На наш нынешний взгляд, ничего специфически антифранцузского и "милитаристского" в колонне не заметно. Однако французы первой половины XIX века, особенно те, которые в силу политических убеждений не слишком симпатизировали России, очень остро ощущали антифранцузскую подоплеку любых русских празднеств, связанных с годовщинами войны 1812–1814 годов. Так, 22 ноября 1837 года газета "Конститюсьонель", сообщив о службе в Успенском соборе в ознаменование двадцатипятилетия отступления французской армии из России, заключала:
Подобными торжествами самодержавное правительство стремится возбудить в полуцивилизованном народе, повинующемся его скипетру, ненависть к французам. Вот, следственно, каковы те дружеские чувства, которые царь-деспот питает к либеральной и прогрессивной Июльской монархии.

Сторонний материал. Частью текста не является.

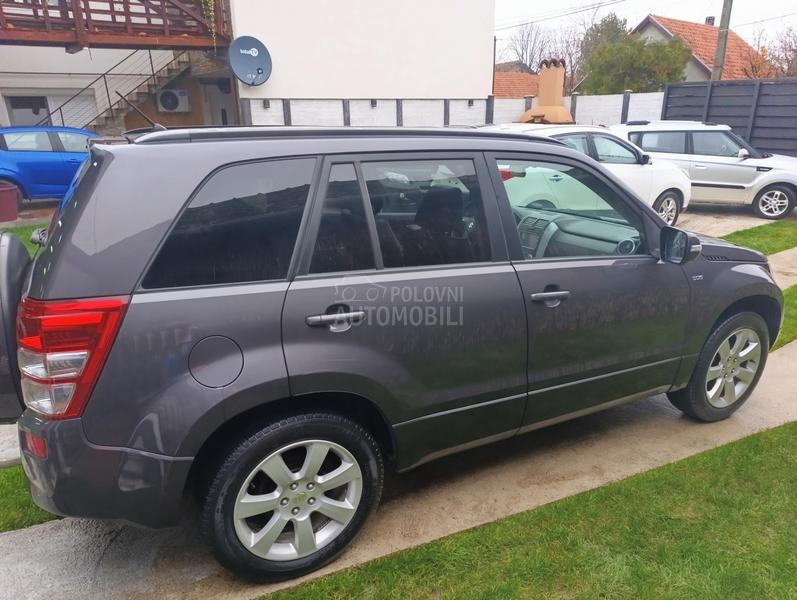 Suzuki Grand Vitara 1.9 ddis N A V I G A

Следующим, еще более пышным юбилеем победы над французами стало Бородинское торжество 1839 года, вновь оскорбившее французскую гордость; об этом свидетельствует, в частности, 35-е письмо книги "Россия в 1839 году". В нем Кюстин возмущается тем, что
ради подтверждения своего вымысла Император, якобы воспроизводя битву тщательно и точно, совершенно извратил ее картину. Взгляните, как опроверг он историю на глазах у всей Европы.
В тот момент сражения, когда французы, громимые огнем русской артиллерии, бросаются на разящие их батареи, дабы, как вам известно, смело и удачно захватить неприятельские пушки, Император Николай, вместо того чтоб дать им выполнить сей знаменитый маневр, который справедливости ради должен он был допустить, а ради собственного достоинства – сам скомандовать, – Император Николай, льстя ничтожнейшим своим подданным, заставил отступить на три лье тот корпус нашей армии, которому мы в действительности обязаны были поражением русских, победным маршем на Москву и ее взятием. Судите же сами, как я благодарю Бога, что мне хватило ума отказаться присутствовать при подобной лживой пантомиме!..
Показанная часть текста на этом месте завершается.